Produk yang diperdagangkan di pasar internal Eropa tidak boleh berkontribusi pada eksploitasi modern terhadap pekerja maupun deforestasi. “Dengan pendekatan uji tuntas terhadap deforestasi, proposal komite memberikan dasar yang sangat baik untuk negosiasi,” kata Dilara Burckhardt, SPD MEP. Namun, dia belum sepenuhnya puas.

Lebih banyak produk harus dimasukkan dalam ruang lingkup aplikasi, dan fokus pada perlindungan hutan “mengabaikan ekosistem penting lainnya untuk perlindungan iklim dan spesies”, kritik Burkhart, yang bertanggung jawab atas proposal legislatif di pihak parlemen.

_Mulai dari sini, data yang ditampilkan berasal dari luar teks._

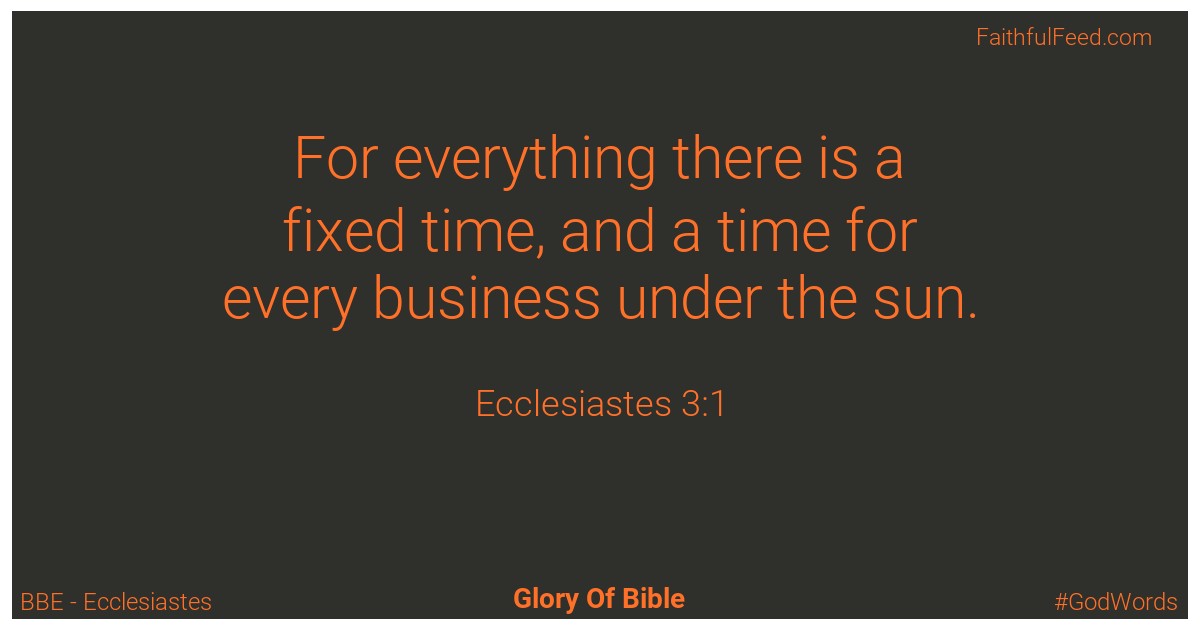 Ecclesiastes 3:1 - Bbe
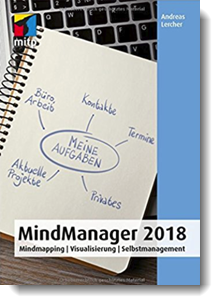 MindManager 2018: Mindmapping | Visualisierung | Selbstmanagement; Andreas Lercher; mitp Verlag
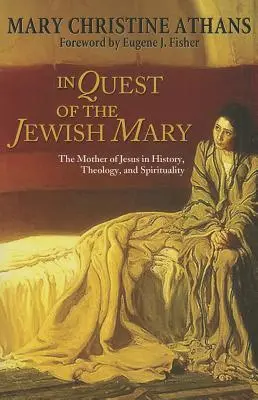 Hľadanie židovskej Márie - In Quest of the Jewish Mary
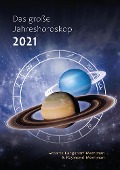Das große Jahreshoroskop 2021 - Antonia Langsdorf-Merriman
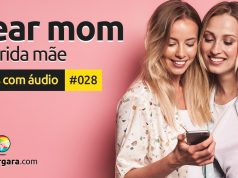 Textos Com Áudio #028 | Dear mom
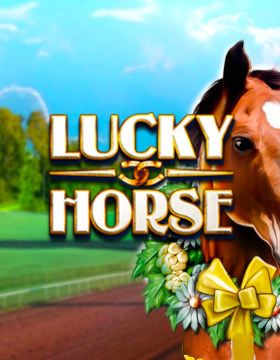 Play Free Demo of Lucky Horse Slot by High 5 Games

Anna Cavazzini, seorang politisi dari Partai Hijau, ketua Komite Pasar Internal, sangat puas dengan proposal tersebut: “Kami telah berkontribusi terhadap deforestasi, perusakan keanekaragaman hayati, dan perampasan tanah melalui kebijakan perdagangan kami, impor kami, dan konsumsi kami untuk jangka waktu yang lama. waktu yang sangat lama,” dia memperingatkan mereka. “Kita perlu memastikan bahwa undang-undang baru ini mencakup sebanyak mungkin barang, perusahaan, dan ekosistem.”

Orang Eropa adalah salah satu pencemar terbesar

Menurut perhitungan Parlemen Eropa, sekitar sepuluh persen deforestasi global dapat dikaitkan dengan konsumsi orang Eropa. Di atas segalanya, minyak sawit, daging, kedelai, kakao, kayu putih, jagung, kayu, kulit, dan karet harus disalahkan. Menurut organisasi lingkungan WWF, Uni Eropa merupakan importir produk terbesar kedua setelah China yang menjadi korban kawasan hutan.

Namun, dalam ekonomi Eropa, rencana UE diikuti dengan keprihatinan: jika regulasi ternyata terlalu membatasi, hal itu dapat memperburuk kekurangan material yang dialami perusahaan saat ini. Komisi tidak mengabaikan argumen ini. Menurut rencana mereka, impor karet dan jagung harus dikecualikan dari aturan tersebut. Dalam penilaian dampak, pihak berwenang sampai pada kesimpulan bahwa karet dan jagung berkontribusi sangat kecil terhadap deforestasi sehingga kewajiban uji tuntas jangka panjang importir tidak proporsional.

Fakta bahwa komisi tersebut akan melanjutkan dengan mengatur perang melawan deforestasi juga berasal dari perhitungan politik: ia ingin menyelamatkan perjanjian perdagangan dengan negara-negara Mercosur di Amerika Selatan, yang belum diratifikasi karena masalah lingkungan. Sebelum peraturan itu bisa berlaku, masih perlu diselaraskan dengan gagasan Parlemen dan negara-negara anggota.

lagi: ‘Anda tidak ingin berada di bawah kemudi’ – bagaimana industri bereaksi terhadap hasil konferensi iklim.